The task: The lines running from the one that contains "Mandrill Baboon Monkey" to the end of the records below are what to reproduce, exactly and without pictures.
*** Block opens ***
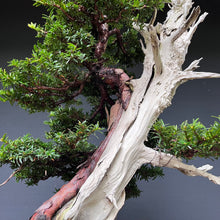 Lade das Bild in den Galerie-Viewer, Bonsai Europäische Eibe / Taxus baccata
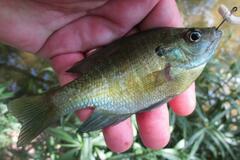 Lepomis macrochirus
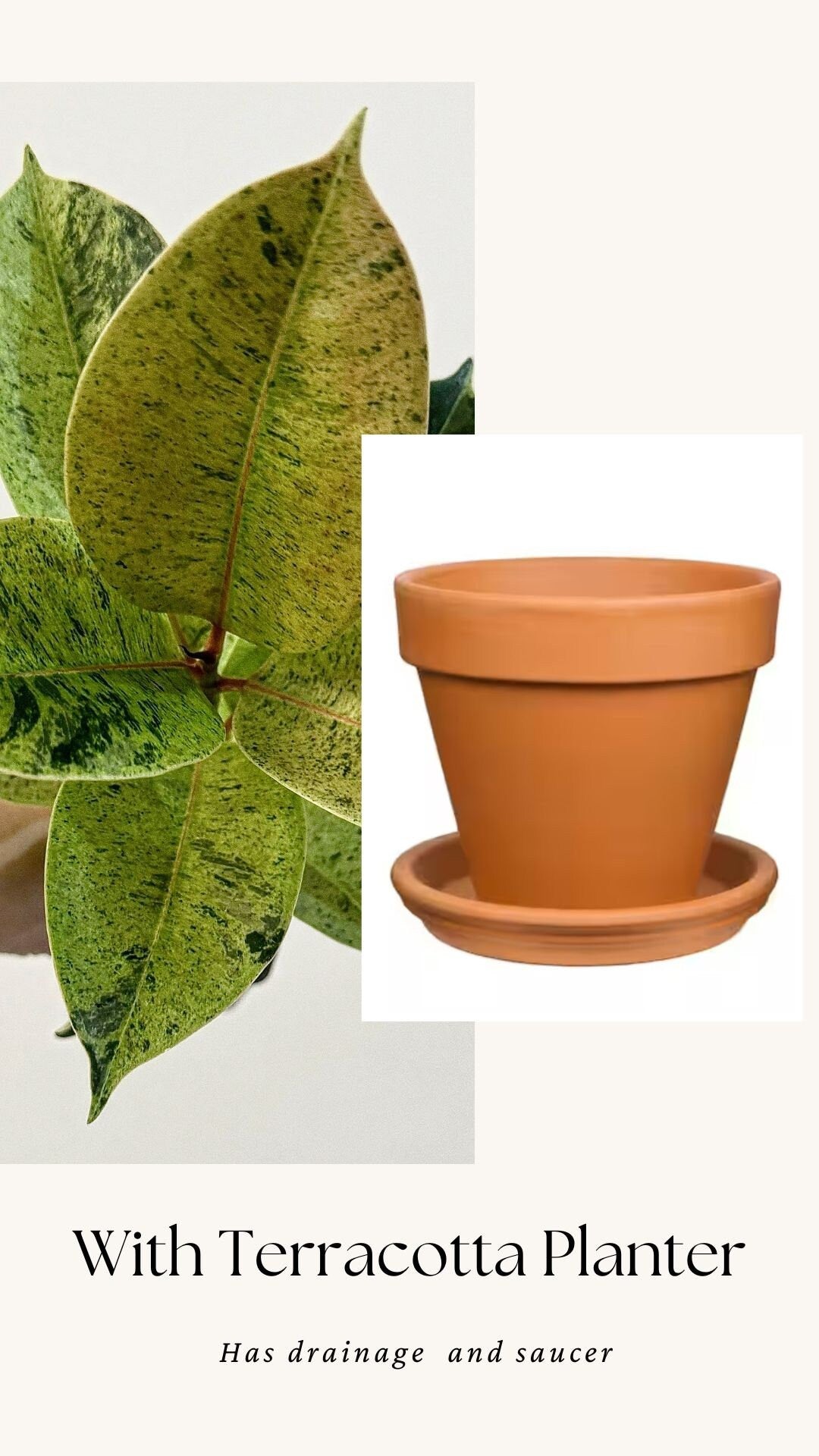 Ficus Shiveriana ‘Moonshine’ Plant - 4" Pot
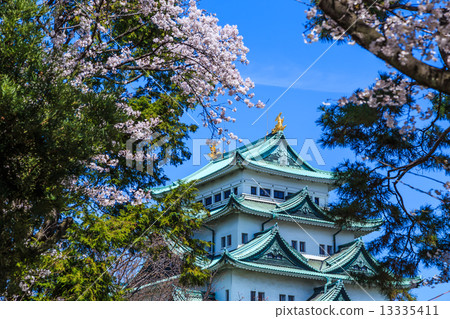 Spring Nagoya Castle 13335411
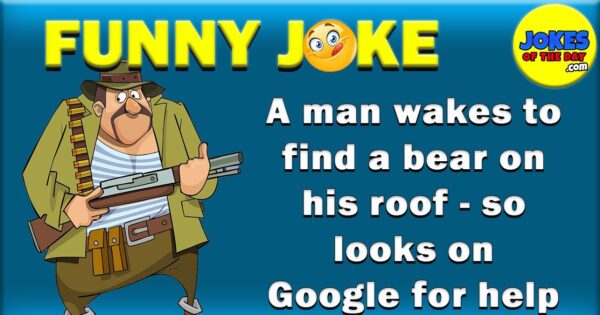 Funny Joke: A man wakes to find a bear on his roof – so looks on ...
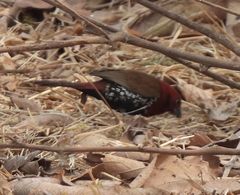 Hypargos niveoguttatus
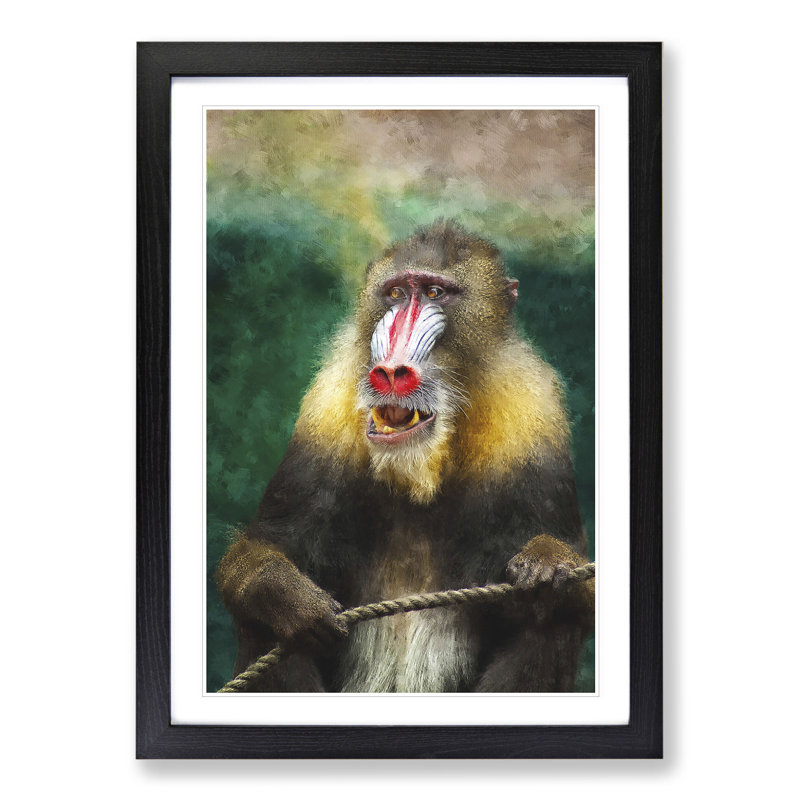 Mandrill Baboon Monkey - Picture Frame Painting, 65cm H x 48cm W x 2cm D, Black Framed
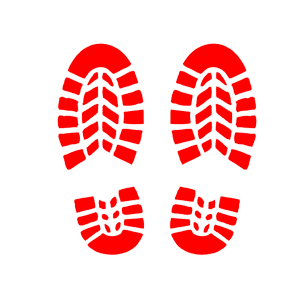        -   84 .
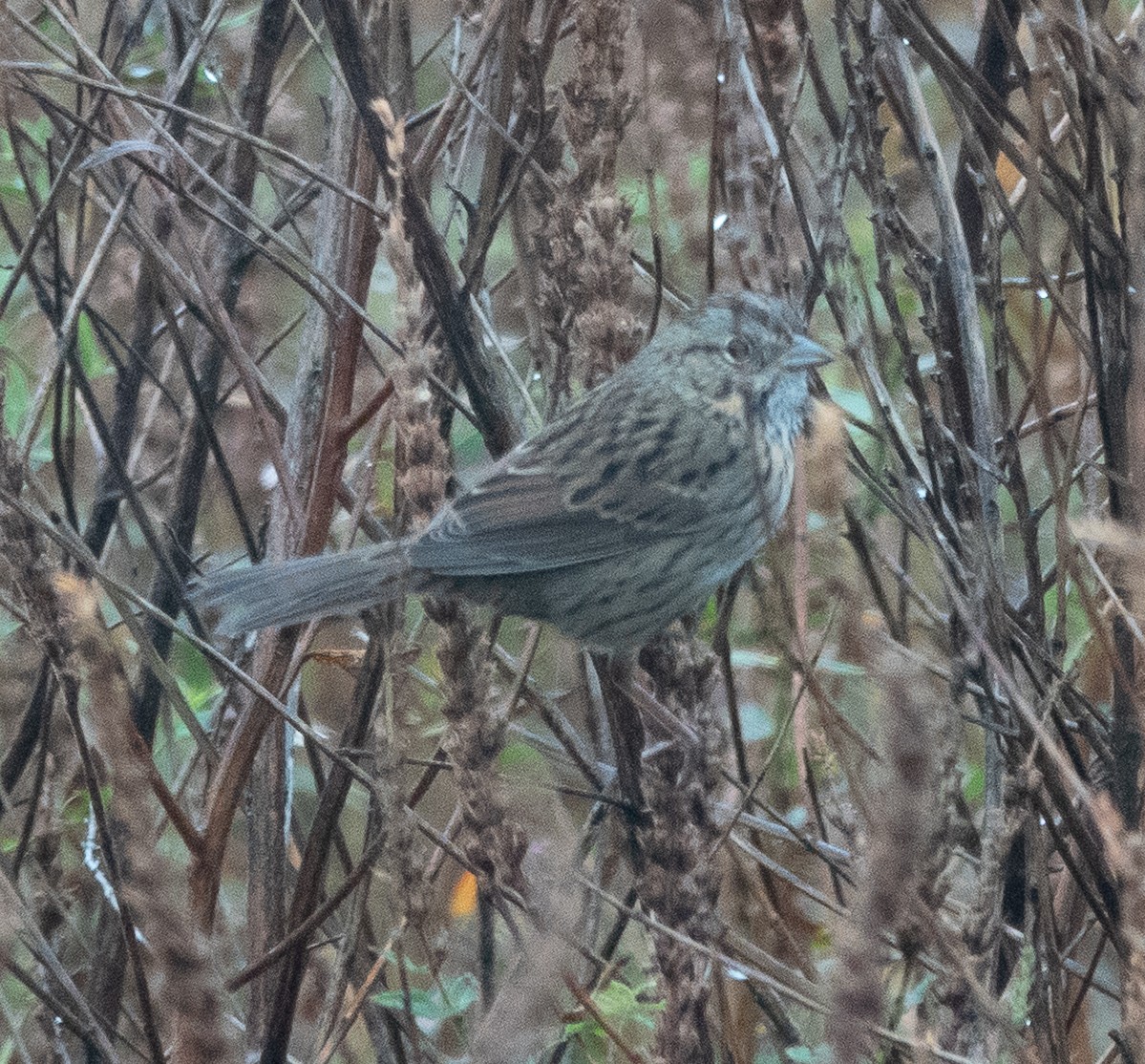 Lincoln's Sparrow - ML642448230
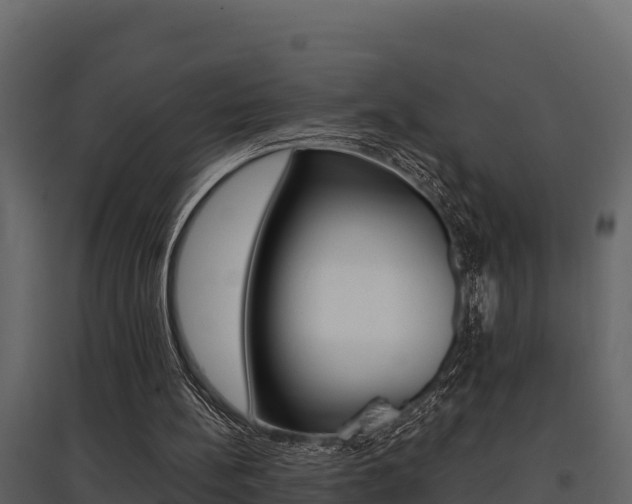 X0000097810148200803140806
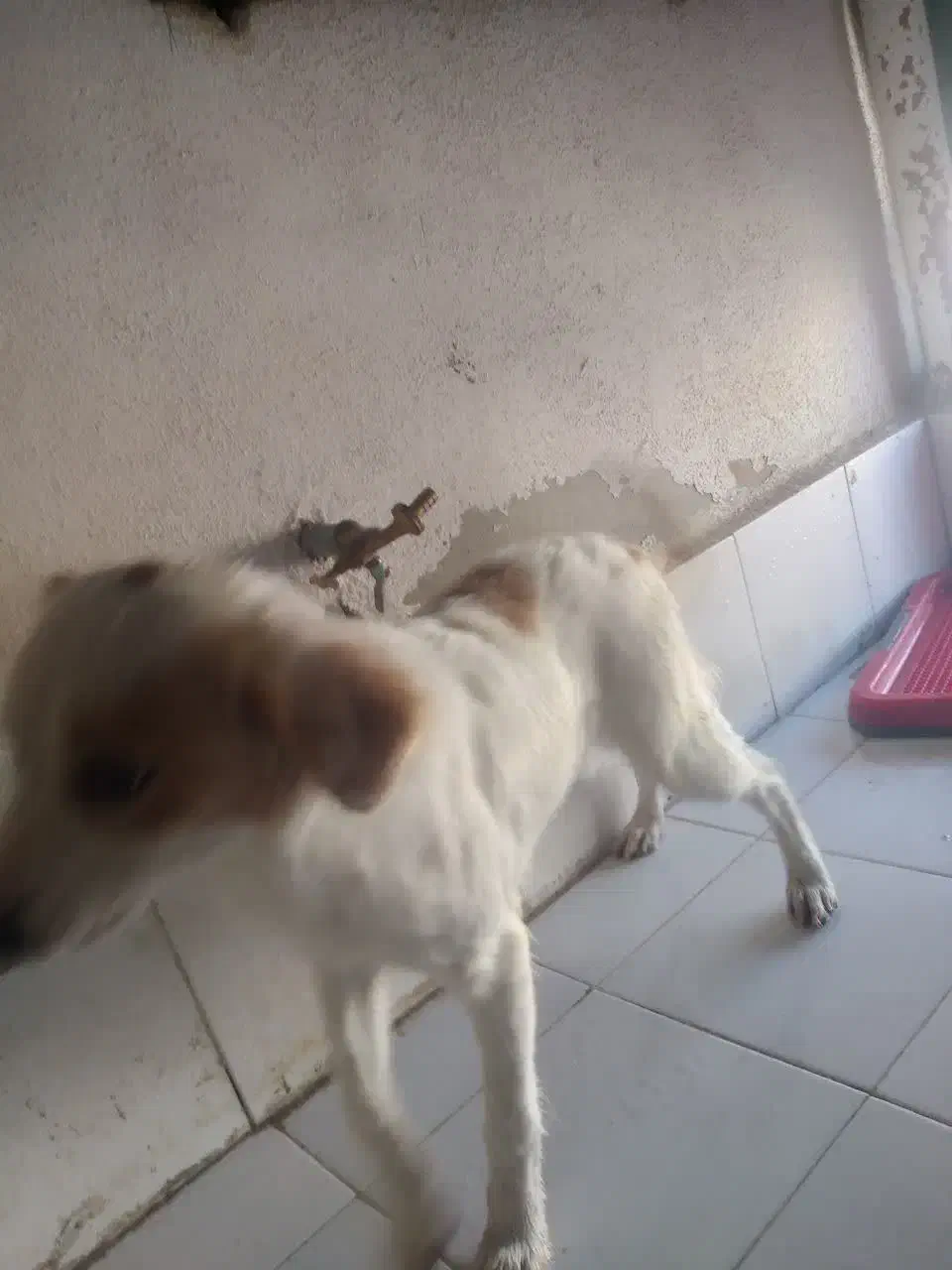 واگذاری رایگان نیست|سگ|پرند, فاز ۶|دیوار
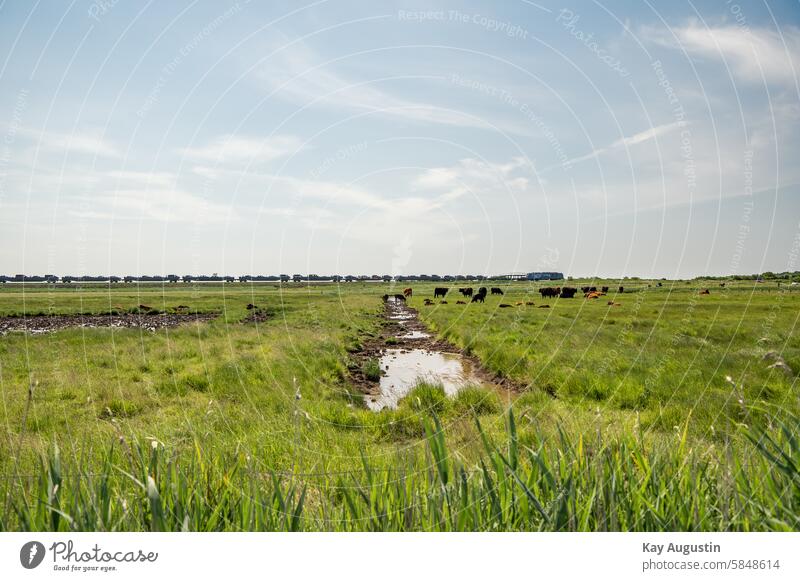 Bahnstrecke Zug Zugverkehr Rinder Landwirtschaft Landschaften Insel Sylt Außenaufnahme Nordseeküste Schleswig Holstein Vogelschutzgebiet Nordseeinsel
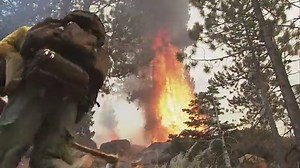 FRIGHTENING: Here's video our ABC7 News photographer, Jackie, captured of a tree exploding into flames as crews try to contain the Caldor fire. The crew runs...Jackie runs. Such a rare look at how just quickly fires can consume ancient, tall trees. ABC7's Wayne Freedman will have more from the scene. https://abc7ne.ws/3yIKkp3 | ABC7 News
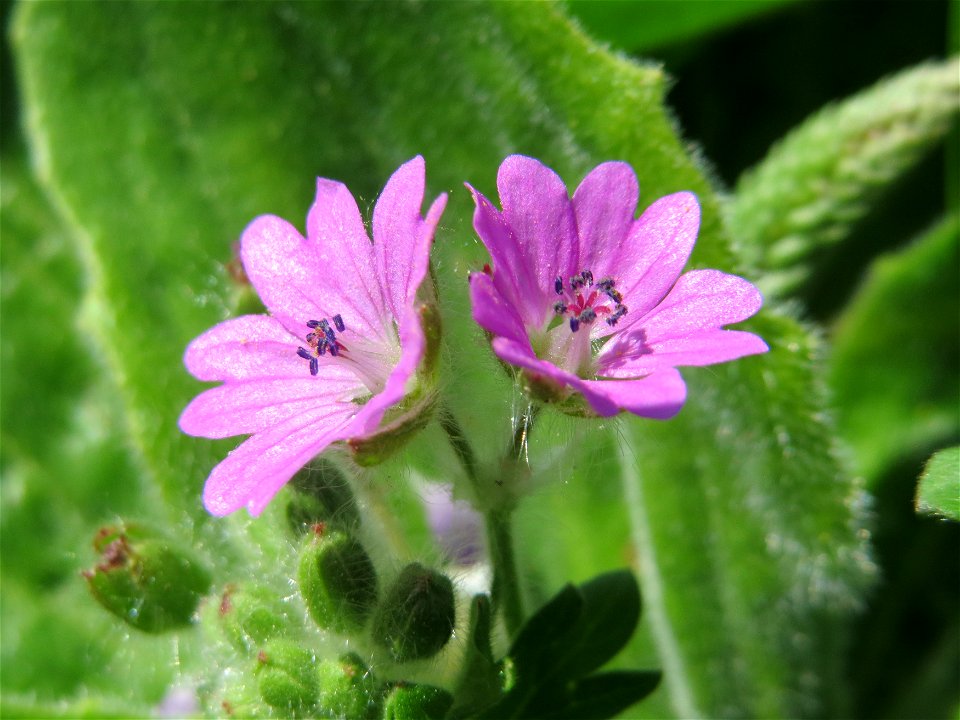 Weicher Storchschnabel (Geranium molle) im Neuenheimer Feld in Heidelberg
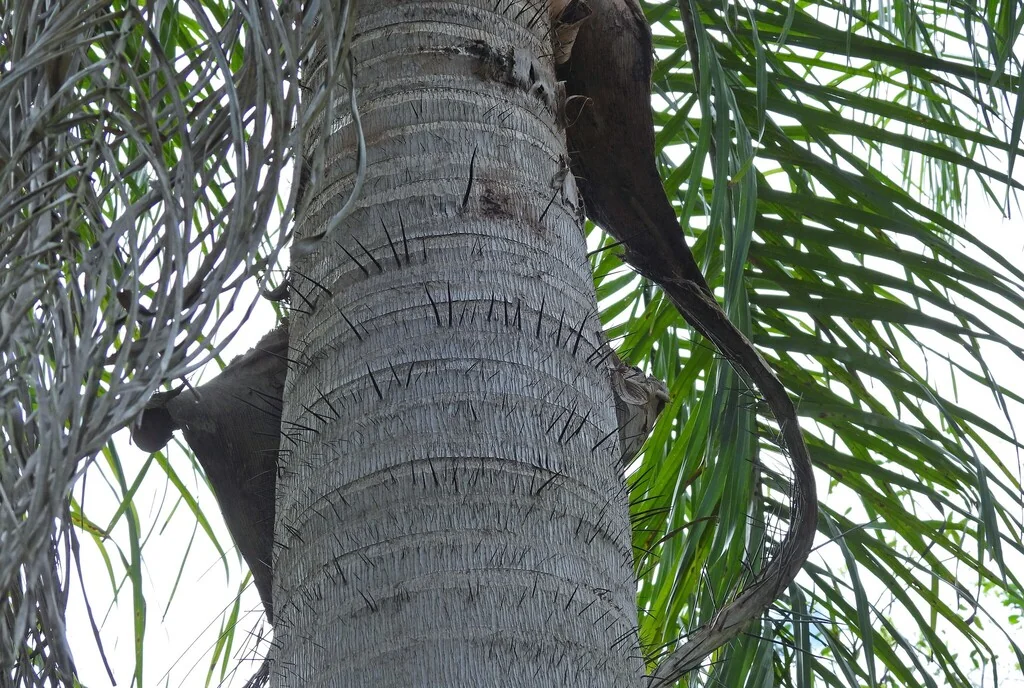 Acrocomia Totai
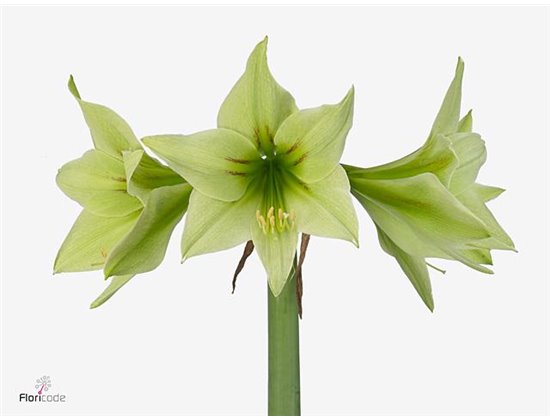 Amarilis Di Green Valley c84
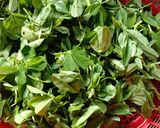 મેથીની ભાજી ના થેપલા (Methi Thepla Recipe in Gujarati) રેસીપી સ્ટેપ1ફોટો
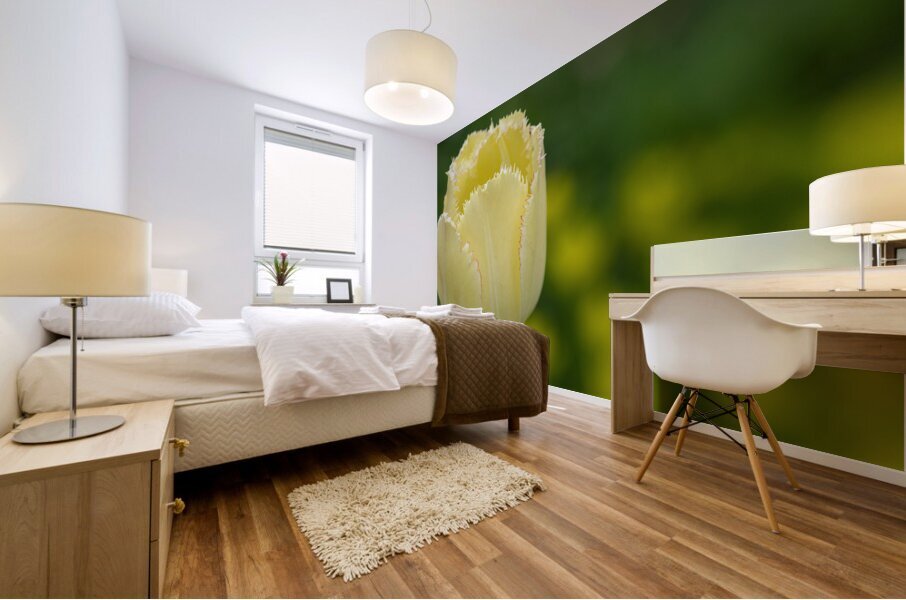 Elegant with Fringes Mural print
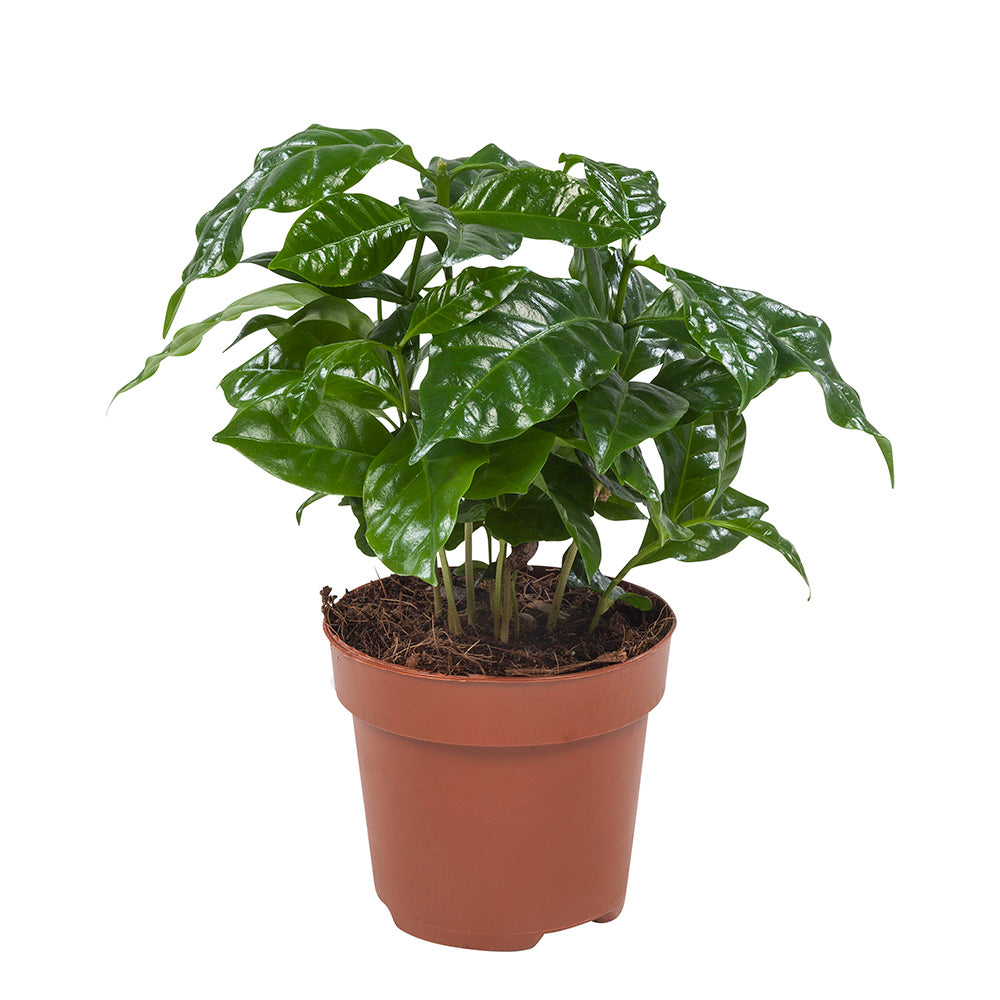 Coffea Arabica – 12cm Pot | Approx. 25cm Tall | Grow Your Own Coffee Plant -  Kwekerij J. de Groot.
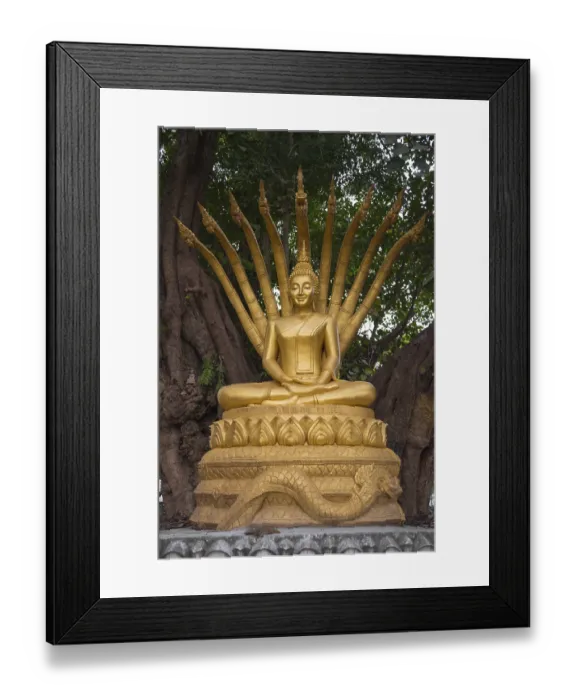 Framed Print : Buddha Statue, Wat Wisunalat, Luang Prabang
*** Block closes ***
Response below:
 Mandrill Baboon Monkey - Picture Frame Painting, 65cm H x 48cm W x 2cm D, Black Framed
        -   84 .
 Lincoln's Sparrow - ML642448230
 X0000097810148200803140806
 واگذاری رایگان نیست|سگ|پرند, فاز ۶|دیوار
 Bahnstrecke Zug Zugverkehr Rinder Landwirtschaft Landschaften Insel Sylt Außenaufnahme Nordseeküste Schleswig Holstein Vogelschutzgebiet Nordseeinsel
 FRIGHTENING: Here's video our ABC7 News photographer, Jackie, captured of a tree exploding into flames as crews try to contain the Caldor fire. The crew runs...Jackie runs. Such a rare look at how just quickly fires can consume ancient, tall trees. ABC7's Wayne Freedman will have more from the scene. https://abc7ne.ws/3yIKkp3 | ABC7 News
 Weicher Storchschnabel (Geranium molle) im Neuenheimer Feld in Heidelberg
 Acrocomia Totai
 Amarilis Di Green Valley c84
 મેથીની ભાજી ના થેપલા (Methi Thepla Recipe in Gujarati) રેસીપી સ્ટેપ1ફોટો
 Elegant with Fringes Mural print
 Coffea Arabica – 12cm Pot | Approx. 25cm Tall | Grow Your Own Coffee Plant -  Kwekerij J. de Groot.
 Framed Print : Buddha Statue, Wat Wisunalat, Luang Prabang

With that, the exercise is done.